Work item — Copy out every line holding the string "Used" from the records below.

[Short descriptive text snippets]

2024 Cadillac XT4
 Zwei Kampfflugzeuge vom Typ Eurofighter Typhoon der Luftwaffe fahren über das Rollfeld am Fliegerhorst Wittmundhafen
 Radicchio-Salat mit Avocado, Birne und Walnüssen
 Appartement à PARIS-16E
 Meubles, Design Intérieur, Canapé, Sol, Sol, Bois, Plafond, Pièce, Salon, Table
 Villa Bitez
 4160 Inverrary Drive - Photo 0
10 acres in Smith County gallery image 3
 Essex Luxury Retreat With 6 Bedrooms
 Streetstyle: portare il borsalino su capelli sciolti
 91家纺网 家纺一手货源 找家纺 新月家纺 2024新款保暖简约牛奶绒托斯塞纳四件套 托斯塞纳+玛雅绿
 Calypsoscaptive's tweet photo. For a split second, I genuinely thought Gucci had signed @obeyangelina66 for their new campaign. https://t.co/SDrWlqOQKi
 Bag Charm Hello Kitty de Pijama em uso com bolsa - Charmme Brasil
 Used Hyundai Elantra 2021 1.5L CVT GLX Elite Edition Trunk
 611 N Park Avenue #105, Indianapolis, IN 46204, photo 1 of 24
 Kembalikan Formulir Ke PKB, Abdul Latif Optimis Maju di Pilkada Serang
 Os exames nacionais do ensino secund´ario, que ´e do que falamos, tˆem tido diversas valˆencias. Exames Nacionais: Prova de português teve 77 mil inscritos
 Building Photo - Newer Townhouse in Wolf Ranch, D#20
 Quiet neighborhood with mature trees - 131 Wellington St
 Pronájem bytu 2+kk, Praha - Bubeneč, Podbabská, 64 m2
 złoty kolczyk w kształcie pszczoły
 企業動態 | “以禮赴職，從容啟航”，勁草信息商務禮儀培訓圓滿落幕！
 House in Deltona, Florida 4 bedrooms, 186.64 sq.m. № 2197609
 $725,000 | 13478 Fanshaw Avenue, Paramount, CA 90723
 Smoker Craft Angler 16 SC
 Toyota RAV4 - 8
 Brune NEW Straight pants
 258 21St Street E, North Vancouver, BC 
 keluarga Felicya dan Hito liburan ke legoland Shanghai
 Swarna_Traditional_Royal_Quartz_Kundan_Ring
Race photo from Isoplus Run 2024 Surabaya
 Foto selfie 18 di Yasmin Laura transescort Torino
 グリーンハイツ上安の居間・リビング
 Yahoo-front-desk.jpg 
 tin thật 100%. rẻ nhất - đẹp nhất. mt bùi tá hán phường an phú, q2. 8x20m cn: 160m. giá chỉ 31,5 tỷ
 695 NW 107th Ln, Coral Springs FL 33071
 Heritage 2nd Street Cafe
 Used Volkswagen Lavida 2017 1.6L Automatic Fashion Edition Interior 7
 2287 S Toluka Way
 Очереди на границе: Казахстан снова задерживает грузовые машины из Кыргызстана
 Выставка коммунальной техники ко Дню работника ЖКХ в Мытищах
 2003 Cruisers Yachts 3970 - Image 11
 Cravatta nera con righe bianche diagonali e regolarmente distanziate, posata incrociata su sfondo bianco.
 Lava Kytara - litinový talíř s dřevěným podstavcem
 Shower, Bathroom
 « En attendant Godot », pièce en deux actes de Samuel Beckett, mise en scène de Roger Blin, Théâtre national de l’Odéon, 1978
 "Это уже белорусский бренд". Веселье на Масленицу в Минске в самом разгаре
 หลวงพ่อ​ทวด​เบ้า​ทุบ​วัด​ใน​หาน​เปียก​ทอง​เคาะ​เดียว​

Answer box —
 Used Hyundai Elantra 2021 1.5L CVT GLX Elite Edition Trunk
 Used Volkswagen Lavida 2017 1.6L Automatic Fashion Edition Interior 7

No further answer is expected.